Corte di Giustizia, SENTENZA 12 ottobre 2017, C‑661/15, X BV contro Staatssecretaris van Financiën

 

Rimborso dei dazi all’importazione in caso di rischio di difettosità della merce – Invalidità del termine di  dodici mesi dalla data di accettazione della dichiarazione di immissione in libera pratica delle merci previsto dall’articolo 145, paragrafo 3, del regolamento n. 2454/93.

 

Qualora il venditore, in adempimento di un obbligo contrattuale di garanzia nei confronti dell’acquirente, concede a quest’ultimo una riduzione del prezzo sotto forma di un rimborso delle spese sostenute da quest’ultimo per modificare la merce acquistata in modo tale da escludere il rischio che la merce divenga difettosa con l’uso, il valore in dogana effettivo risulta inferiore a quello iniziale dichiarato al momento dell’immissione in libera pratica. Ne consegue che l’acquirente, (importatore) ha diritto al rimborso della somma pari alla differenza fra il valore iniziale e quello effettivo.

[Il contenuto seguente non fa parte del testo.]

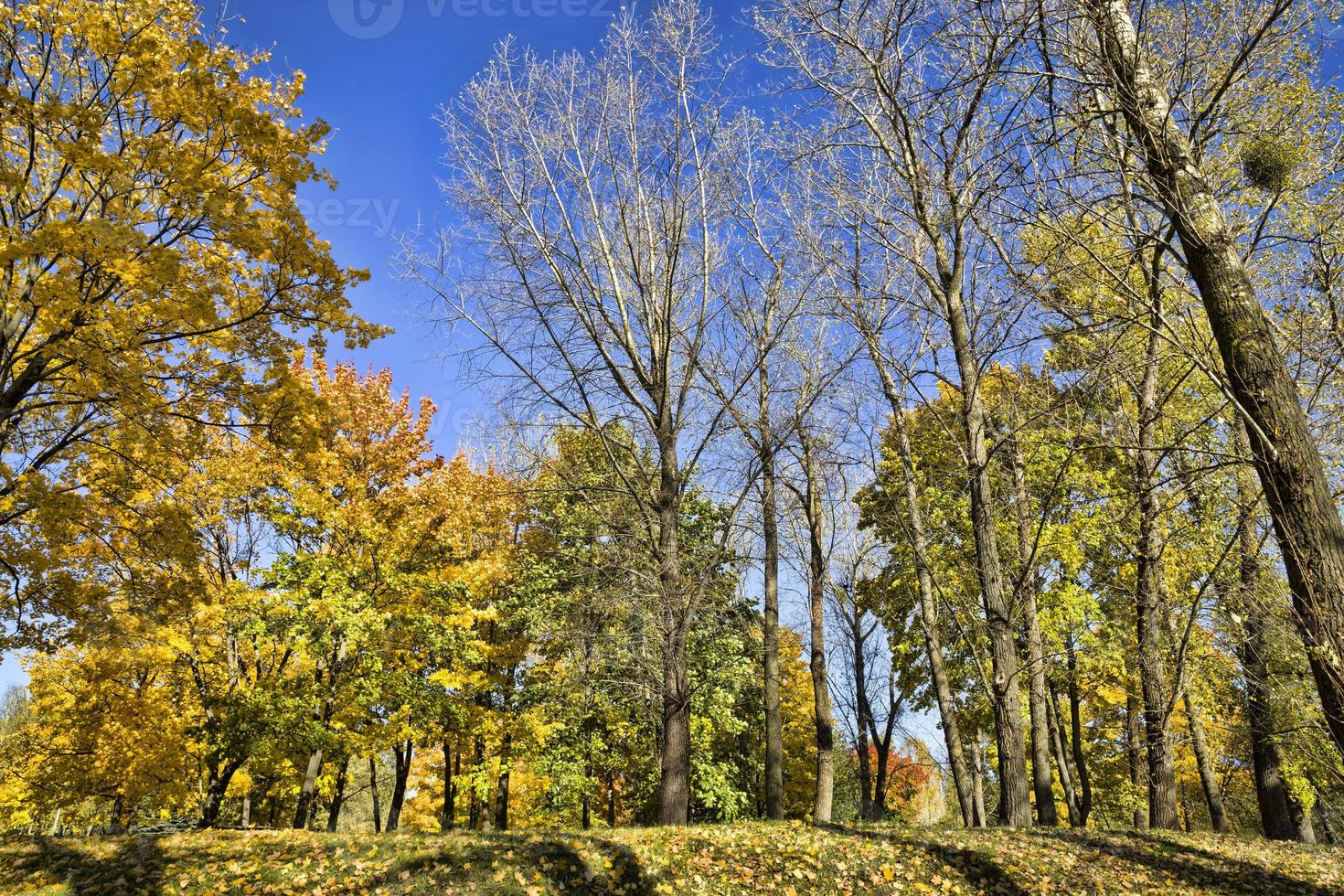 different deciduous trees photo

Infatti, se per un verso il prezzo effettivamente pagato o da pagare per le merci costituisce, in linea generale, la base di calcolo del valore in dogana, per l’altro il valore in dogana non deve essere arbitrario o fittizio ma deve riflettere il valore economico reale di una merce importata e tener conto di tutti gli elementi di tale merce che presentano un valore economico, a cominciare dall’eventualità che una merce abbia natura “difettosa” risultando cioè priva delle qualità richieste o imperfetta.

In tale ipotesi, la modificazione del prezzo pagato o da pagare per le merci, può essere presa in considerazione anche dopo che è decorso il termine di dodici mesi dalla data di accettazione della dichiarazione di immissione in libera pratica delle merci previsto dall’articolo 145, paragrafo 3, del regolamento n. 2454/93.